News AMD RX 7600 Could Cost More Than the RX 6650 XT

Don't worry, if that ends up being the *actual* price here, Canada always pays a "not USA" tax before tax. You can probably knock $30-$50 off the USD price after conversion. TRUST ME, I KNOW.
 
  • Like
Reactions: Why_Me
A totally misleading title and a laughable bias against AMD.
It says more expensive than RX 6650, while in the article it mentions that it's rumored to cost $299, which less than the MSRP of RX 6650 XT when it launched, but more than the current discounted price.
WHO ON EARTH expects new GPUs to cost less? It's all going upwards, and everybody knows that.
So, to think that AMD will release a GPU priced less than the current price of its previous generation equivalent is laughable, nonsense and completely unrealistic in the wake of the economy inflation and expensive new nodes and wafer costs.
 
AMD doesn't compete on price, they just follow whatever Nvidia dictates, with a slight discount for their inferior tech.

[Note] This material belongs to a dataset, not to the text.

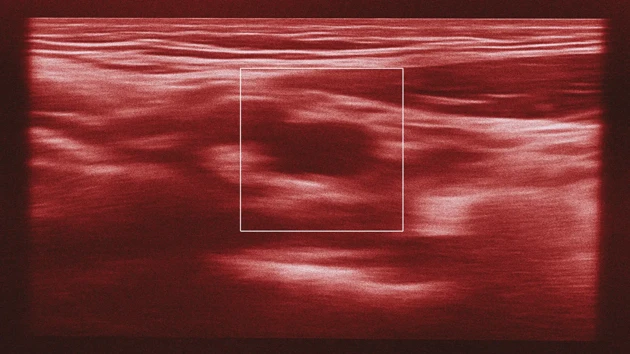 Accessible diagnostics for proactive heart care and failure prevention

If the De Facto Monopoly decides GPUs are going to be a greedy cash-grab, then AMD will be a good little boy and slot their cards neatly into their proper place in-between Daddy Nvidia's lineup.
AMD likes laughably absurd profit margins too, you know.
 
A totally misleading title and a laughable bias against AMD.
It says more expensive than RX 6650, while in the article it mentions that it's rumored to cost $299, which less than the MSRP of RX 6650 XT when it launched, but more than the current discounted price.
WHO ON EARTH expects new GPUs to cost less? It's all going upwards, and everybody knows that.
So, to think that AMD will release a GPU priced less than the current price of its previous generation equivalent is laughable, nonsense and completely unrealistic in the wake of the economy inflation and expensive new nodes and wafer costs.
Excellent point. And frankly most 6650 xt models I see here sell around those prices (or higher) on the same website. Only the Sapphire Pulse model is noticeably less expensive. And from what I've read, this looks to be a faster, more efficient card. It's not the equiv of a 6600 vanilla 2.0. I fully expect this to be faster than a 6650 XT by 10% or perhaps a little more.
 
Last edited:
😑🤦 RDNA 3 has NUMEROUS significant internal architecture upgrades/differences... The architecture literally has two separate clock-speeds. When do you remember RDNA 2 doing that? If RDNA 3 had no performance gains, the new 780m iGPU would be no faster than the 680m it replaced as they both have 12CU's. No offense, but Aaron's work for this site has just been getting worse and WORSE, and more and more lazy recently.
 
  • Like
Reactions: btmedic04
😑🤦 RDNA 3 has NUMEROUS significant internal architecture upgrades/differences... The architecture literally has two separate clock-speeds. When do you remember RDNA 2 doing that? If RDNA 3 had no performance gains, the new 780m iGPU would be no faster than the 680m it replaced as they both have 12CU's. No offense, but Aaron's work for this site has just been getting worse and WORSE, and more and more lazy recently.
Uh... You can say a car can have 3 4 or 5 wheels and as a consumer you wouldn't care about it, unless you have a specific use for one less wheel, the extra wheel or just the standard 4.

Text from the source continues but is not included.